## AIM OF THE TASK
In the entries below, print exactly the lines from the first through the one with "photo de PAR", both included, and none of the pictures.

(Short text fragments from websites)
********
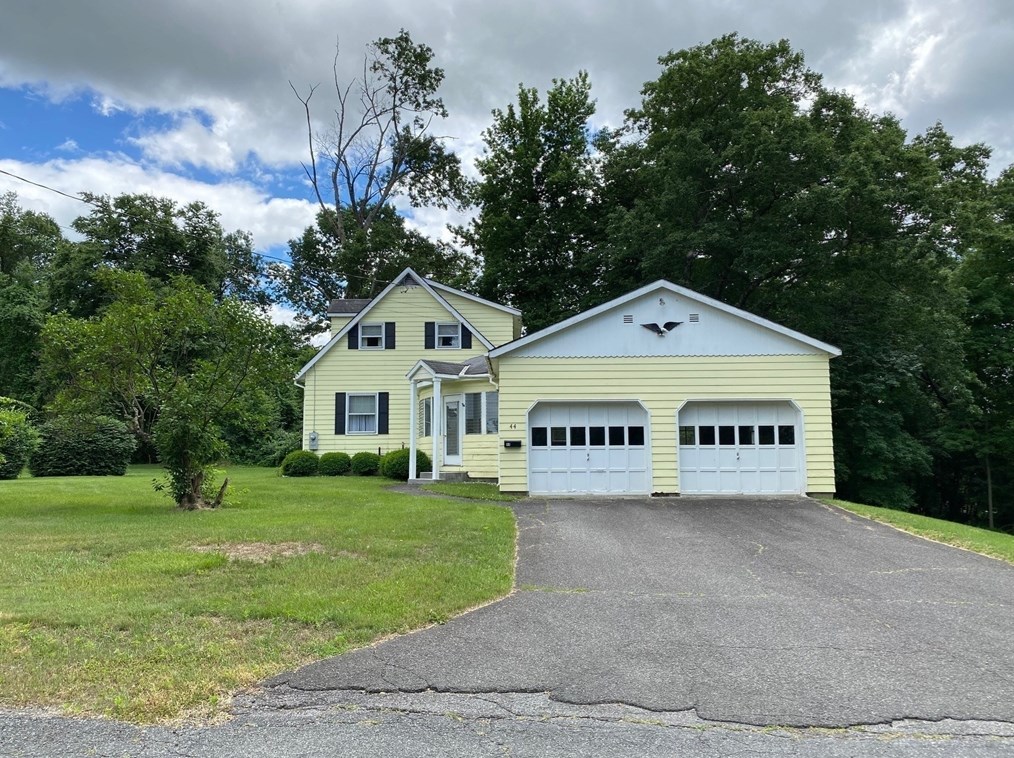 44 Pentecost Rd, Gill, MA 01360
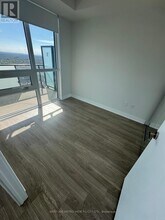 430-3430 Square One Dr in Mississauga, ON - Building Photo - Building Photo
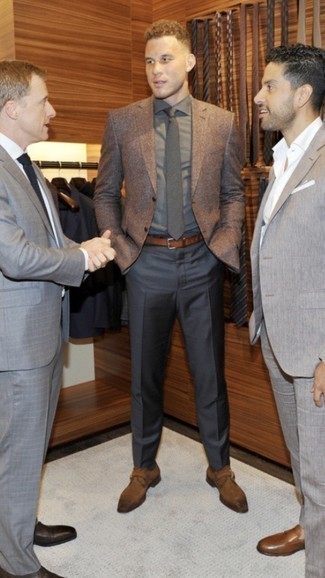 С чем носить серебряный галстук мужчине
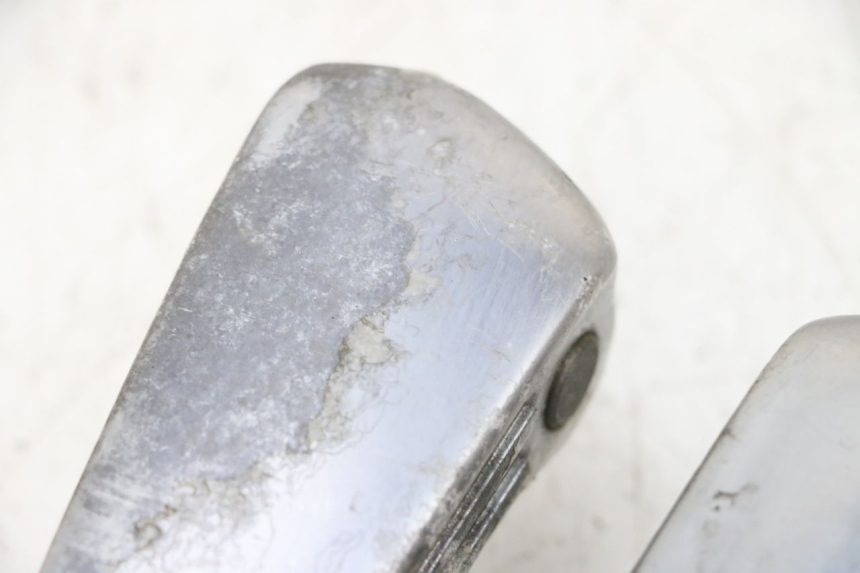 photo de PAR DE APOIOS DE PÉ TRASEIROS PIAGGIO VESPA GTS SUPER IE 125 (2009 - 2016) - Peça verificada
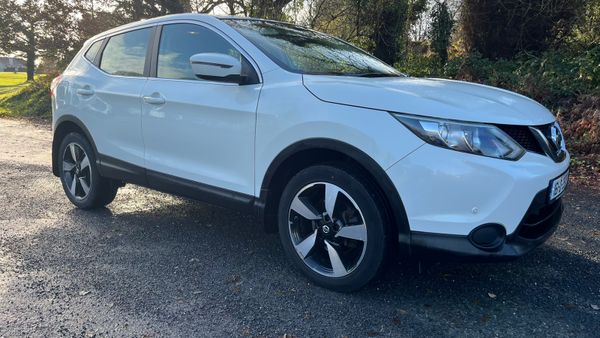 Nissan Qasqai  Artic white 374149300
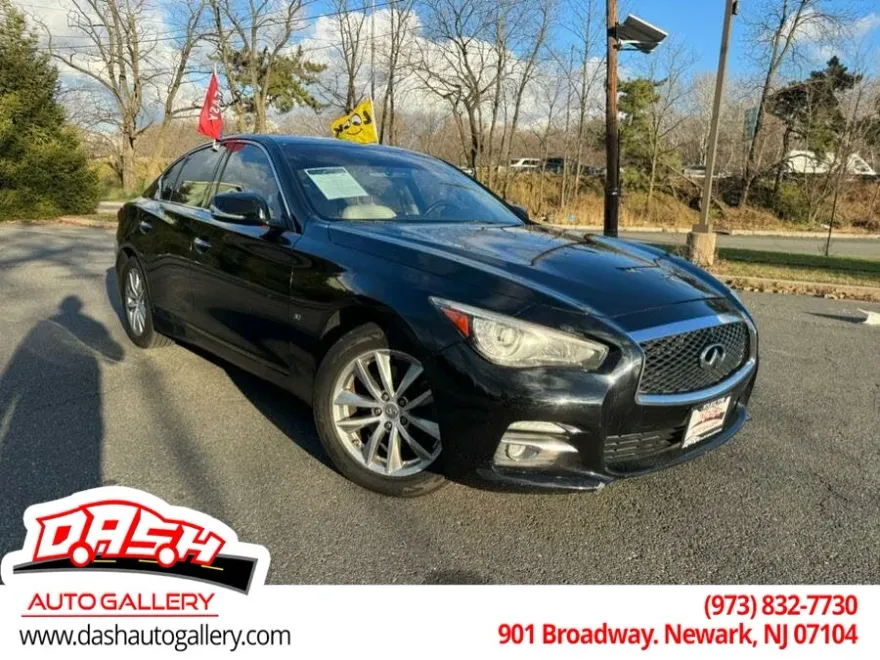 2015 Infiniti Q50 Premium photo 1
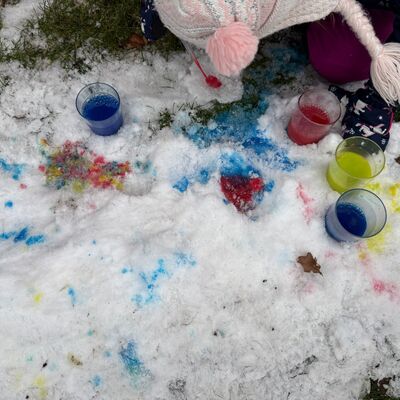 Farbenspiel im Schnee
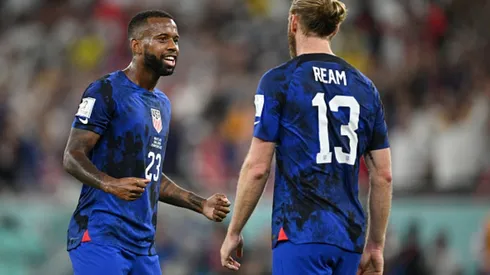 Estados Unidos vence a seleção do Irã e avança para as oitavas de final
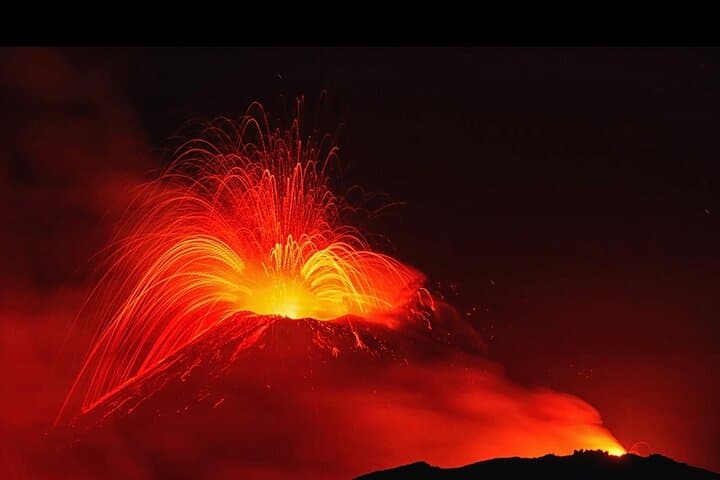 Mount Etna Sapienza Volcano Tour from Syracuse: Day Trip to Craters and Taormina photo 6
********
## EXERCISE SOLUTION
 44 Pentecost Rd, Gill, MA 01360
 430-3430 Square One Dr in Mississauga, ON - Building Photo - Building Photo
 С чем носить серебряный галстук мужчине
 photo de PAR DE APOIOS DE PÉ TRASEIROS PIAGGIO VESPA GTS SUPER IE 125 (2009 - 2016) - Peça verificada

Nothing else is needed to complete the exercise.